### Prompt
From the records below, transcribe only the lines running from the one with "BMW 320 e Touring Pack M Auto" through the one with "Wallity Zidni sat". Keep both of those end lines.

-- Working data follows --

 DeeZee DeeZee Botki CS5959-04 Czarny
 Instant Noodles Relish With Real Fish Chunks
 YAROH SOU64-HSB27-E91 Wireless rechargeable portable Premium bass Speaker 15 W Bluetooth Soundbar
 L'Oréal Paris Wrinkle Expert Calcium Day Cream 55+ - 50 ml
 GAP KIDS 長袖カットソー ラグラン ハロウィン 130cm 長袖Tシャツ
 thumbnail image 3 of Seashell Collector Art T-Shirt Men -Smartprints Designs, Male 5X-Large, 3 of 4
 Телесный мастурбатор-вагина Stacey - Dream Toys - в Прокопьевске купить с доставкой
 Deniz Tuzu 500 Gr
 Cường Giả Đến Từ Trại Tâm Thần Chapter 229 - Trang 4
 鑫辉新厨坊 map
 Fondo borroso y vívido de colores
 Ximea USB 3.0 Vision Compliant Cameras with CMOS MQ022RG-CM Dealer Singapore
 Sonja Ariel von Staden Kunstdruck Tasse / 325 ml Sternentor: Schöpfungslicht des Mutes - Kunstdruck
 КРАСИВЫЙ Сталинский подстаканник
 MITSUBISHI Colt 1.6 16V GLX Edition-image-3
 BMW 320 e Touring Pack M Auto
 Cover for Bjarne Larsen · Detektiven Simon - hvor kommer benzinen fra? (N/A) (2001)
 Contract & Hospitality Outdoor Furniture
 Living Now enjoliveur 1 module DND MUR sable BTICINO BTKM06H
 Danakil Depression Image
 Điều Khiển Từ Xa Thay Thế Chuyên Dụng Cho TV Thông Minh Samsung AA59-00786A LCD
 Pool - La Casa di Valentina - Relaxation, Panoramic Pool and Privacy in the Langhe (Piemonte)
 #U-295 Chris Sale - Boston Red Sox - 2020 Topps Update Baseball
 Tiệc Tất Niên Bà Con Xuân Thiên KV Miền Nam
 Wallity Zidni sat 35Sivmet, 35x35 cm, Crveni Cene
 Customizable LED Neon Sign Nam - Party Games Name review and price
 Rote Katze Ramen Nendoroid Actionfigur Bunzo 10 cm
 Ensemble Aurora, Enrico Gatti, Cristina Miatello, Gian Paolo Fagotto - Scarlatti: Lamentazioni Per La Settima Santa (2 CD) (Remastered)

-- Working data concluded --

### Response area
 BMW 320 e Touring Pack M Auto
 Cover for Bjarne Larsen · Detektiven Simon - hvor kommer benzinen fra? (N/A) (2001)
 Contract & Hospitality Outdoor Furniture
 Living Now enjoliveur 1 module DND MUR sable BTICINO BTKM06H
 Danakil Depression Image
 Điều Khiển Từ Xa Thay Thế Chuyên Dụng Cho TV Thông Minh Samsung AA59-00786A LCD
 Pool - La Casa di Valentina - Relaxation, Panoramic Pool and Privacy in the Langhe (Piemonte)
 #U-295 Chris Sale - Boston Red Sox - 2020 Topps Update Baseball
 Tiệc Tất Niên Bà Con Xuân Thiên KV Miền Nam
 Wallity Zidni sat 35Sivmet, 35x35 cm, Crveni Cene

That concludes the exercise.